**EXERCISE DATA:**
********

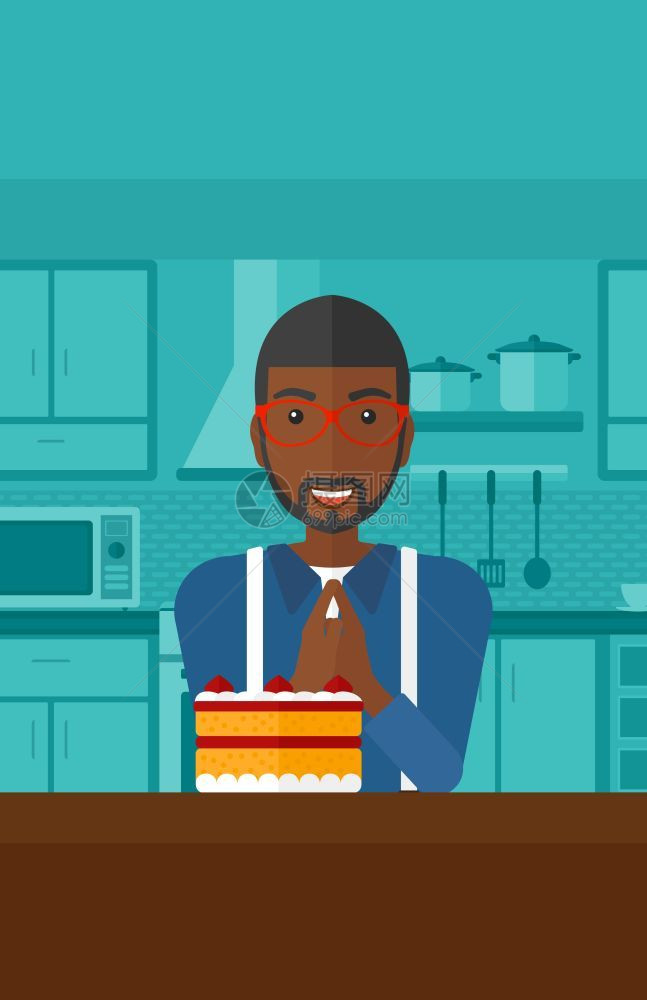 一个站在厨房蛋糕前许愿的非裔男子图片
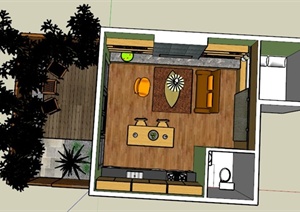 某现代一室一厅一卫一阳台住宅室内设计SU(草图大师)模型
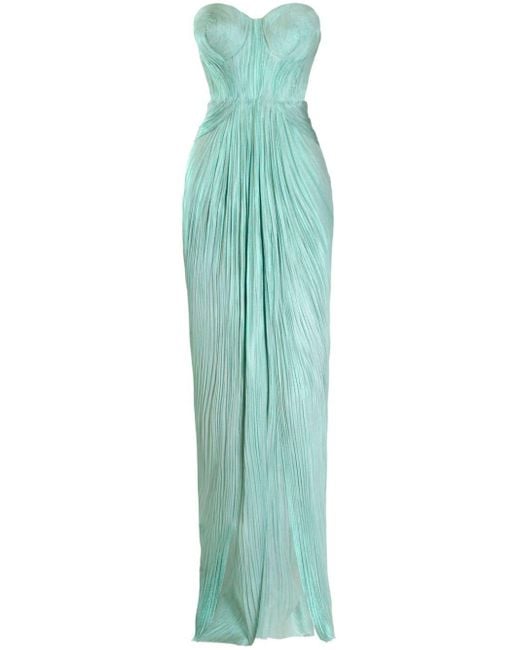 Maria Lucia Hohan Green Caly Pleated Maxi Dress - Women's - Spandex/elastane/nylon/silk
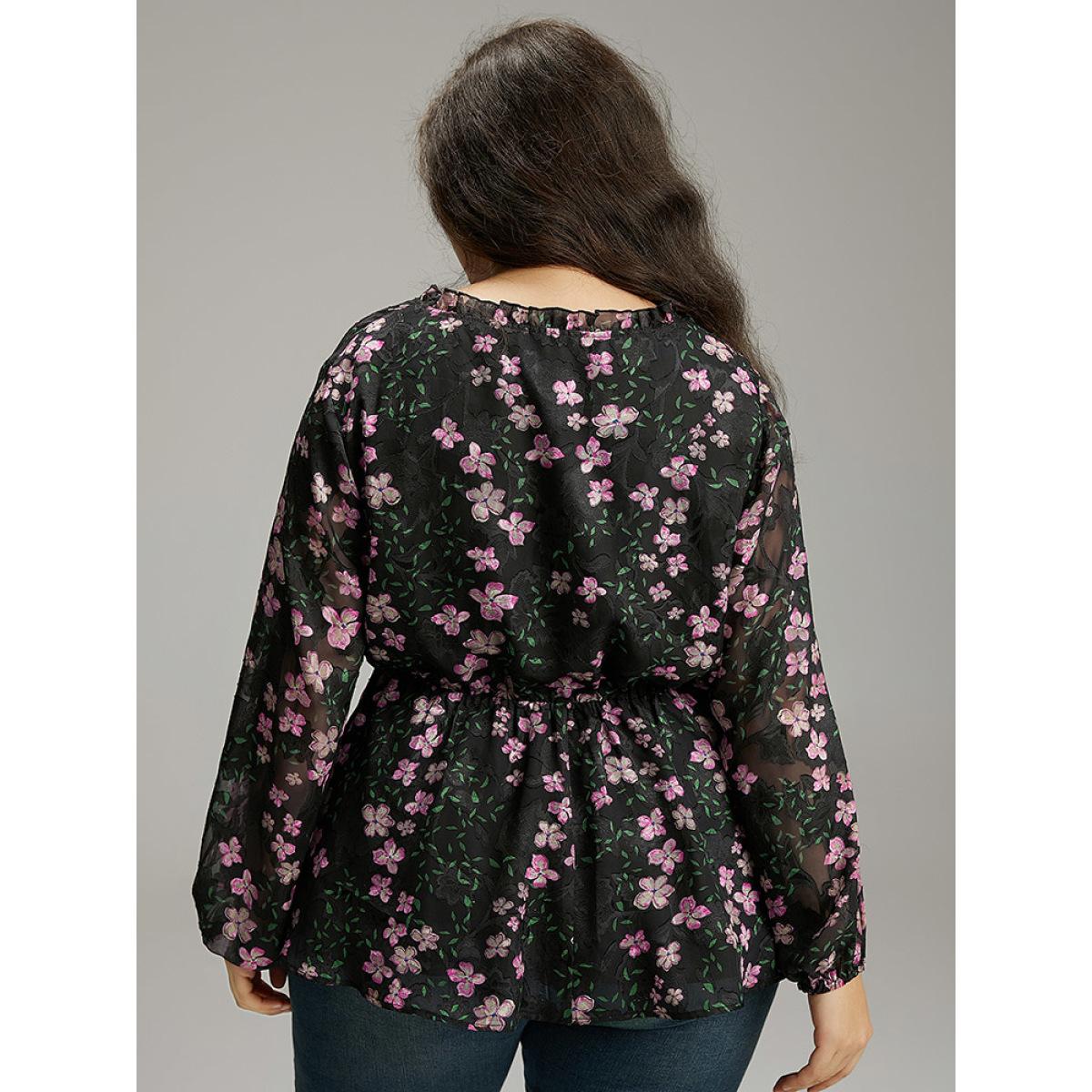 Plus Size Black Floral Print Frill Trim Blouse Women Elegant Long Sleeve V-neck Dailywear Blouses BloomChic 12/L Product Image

********

**THE PROBLEM:**
A word-for-word copy is required of the lines above from the line with "Maria Lucia Hohan" through the last line of the data; no other lines and no pictures belong in it.

**EXERCISE RESPONSE:**
 Maria Lucia Hohan Green Caly Pleated Maxi Dress - Women's - Spandex/elastane/nylon/silk
 Plus Size Black Floral Print Frill Trim Blouse Women Elegant Long Sleeve V-neck Dailywear Blouses BloomChic 12/L Product Image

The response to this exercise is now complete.